At this time the emperor Anastasius dispatched a fleet to Alexandria against the Saracens. His army was turned to another purpose, and in the midst of its journey came back to the city of Constantinople, and hunting up the orthodox Theodosius, chose him as emperor and when he was put by force upon the throne of the empire, confirmed him. This Theodosius conquered Anastasius in a severe battle at the city of Nicea, and having imposed an oath upon him, caused him to be ordained a churchman and a presbyter. When Anastasius received the sovereignty, he presently put up in its former place in the imperial city that revered picture in which the holy councils were painted and which had been torn down by Filippicus. In these days the river Tiber had such an inundation that having overflowed its bed it did many injuries to the city of Rome so that it rose in the Via Lata to one and a half times the height of a man, and from the gate of St. Peter to the Molvian bridge  the waters all mingled together as they flowed down.
 The Pons Mulvius (now the Ponte Molle) was built by the censor M. Aemilius Scaurus, B.C. 109.

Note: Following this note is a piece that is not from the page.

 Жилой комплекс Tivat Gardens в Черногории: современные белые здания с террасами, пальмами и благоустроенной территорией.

In these times, by the inspiration of Divine Love, many of the nobles and common people, men and women, dukes and private persons of the nation of the Angles were in the habit of coming from Britain to Rome. Pipin  at that time obtained the sovereignty in the kingdom of the Franks. He was a man of astonishing boldness who instantly crushed his foes in attacking them. For he crossed the Rhine and with only one of his attendants he fell upon a certain adversary of his and killed him with his followers in his bedchamber where he lived. He also courageously waged many wars with the Saxons and especially with Ratpot, king of the Frisians. He had also a number of sons but among these Charles, who succeeded him afterwards in the sovereignty, was the most distinguished.

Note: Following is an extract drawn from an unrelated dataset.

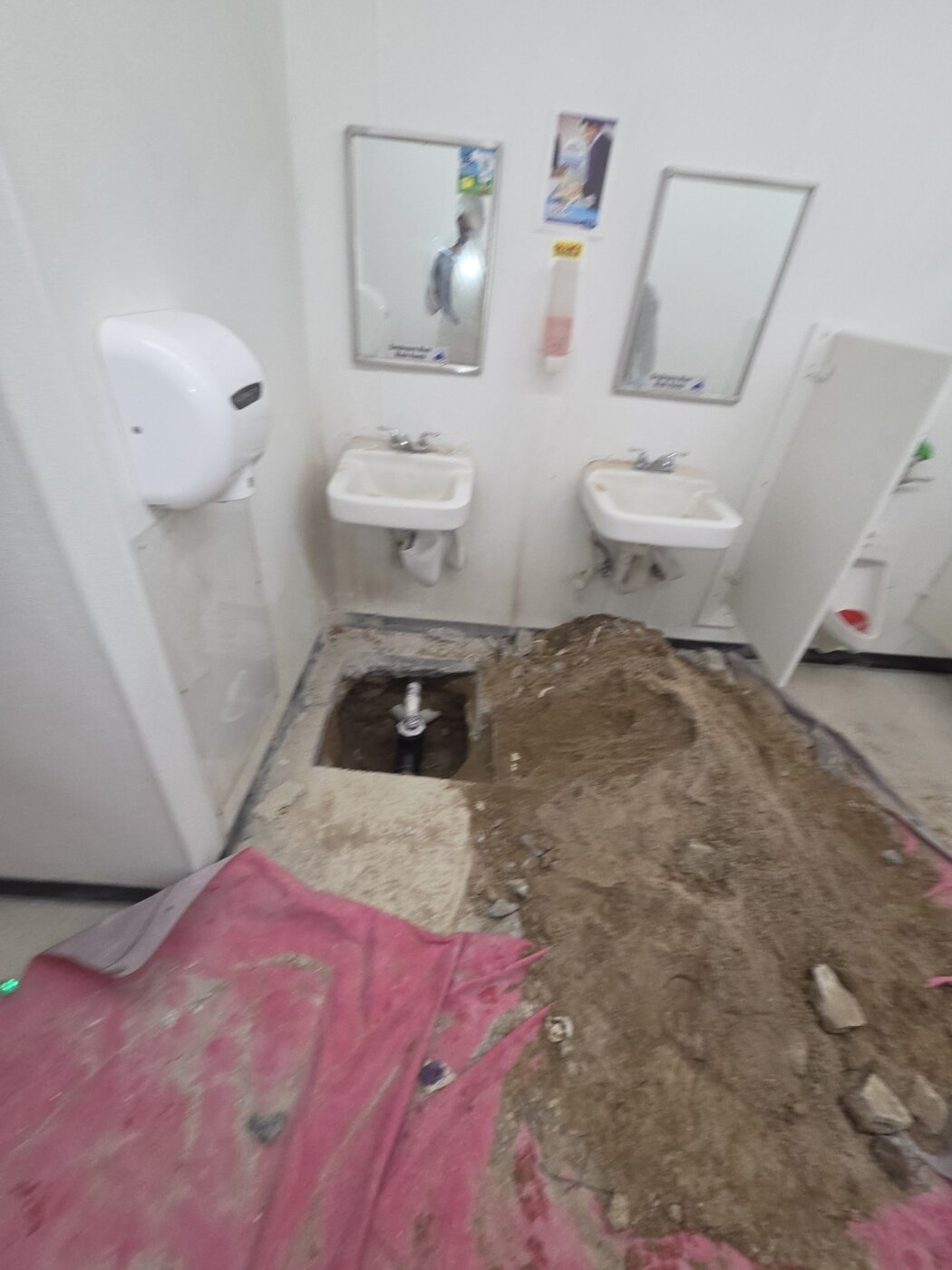 Restroom floor repair in progress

 The father of Charles Martel (Abel).
But when king Liutprand had been confirmed in the royal power,  Rothari, a blood relation of his, wished to kill him. He prepared therefore a banquet for him in his home at Ticinum, in which house he hid some very strong men fully armed who were to kill the king while he was banqueting. When this had been reported to Liutprand he ordered Rothari to be called to his palace, and feeling him with his hand he discovered, as had been told him, a cuirass put on under his clothing.  When Rothari found out that he was detected, he straightway leaped backwards and unsheathed his sword to strike the king. On the other hand the king drew forth his own sword from his scabbard. Then one of the king's attendants named Subo, seizing Rothari from behind, was wounded by him in the forehead, but others leaping upon Rothari killed him there. Four of his sons indeed who were not present were also put to death in the places where they were found. King Liutprand was indeed a man of great boldness so that when two of his armor-bearers thought to kill him and this had been reported to him, he went alone with them into a very deep wood and straightway holding against them his drawn sword he reproached them because they had planned to slay him and urged them to do it. And straightway they fell at his feet and confessed all they had plotted. And he also did this thing in like manner with others, but nevertheless he presently pardoned those who confessed even a crime of such great wickedness.
 A.D. 712 (Hodgkin, VI, 389). By this confirmation the usurpation of the new dynasty of Ansprand was recognized (Hartmann, II, 2, 125).
 The story of Grimuald and Godepert seems to be here repeated with a slight variation.
Then when Gisulf, the duke of the Beneventines had died, Romuald his son undertook the government of the people of the Samnites.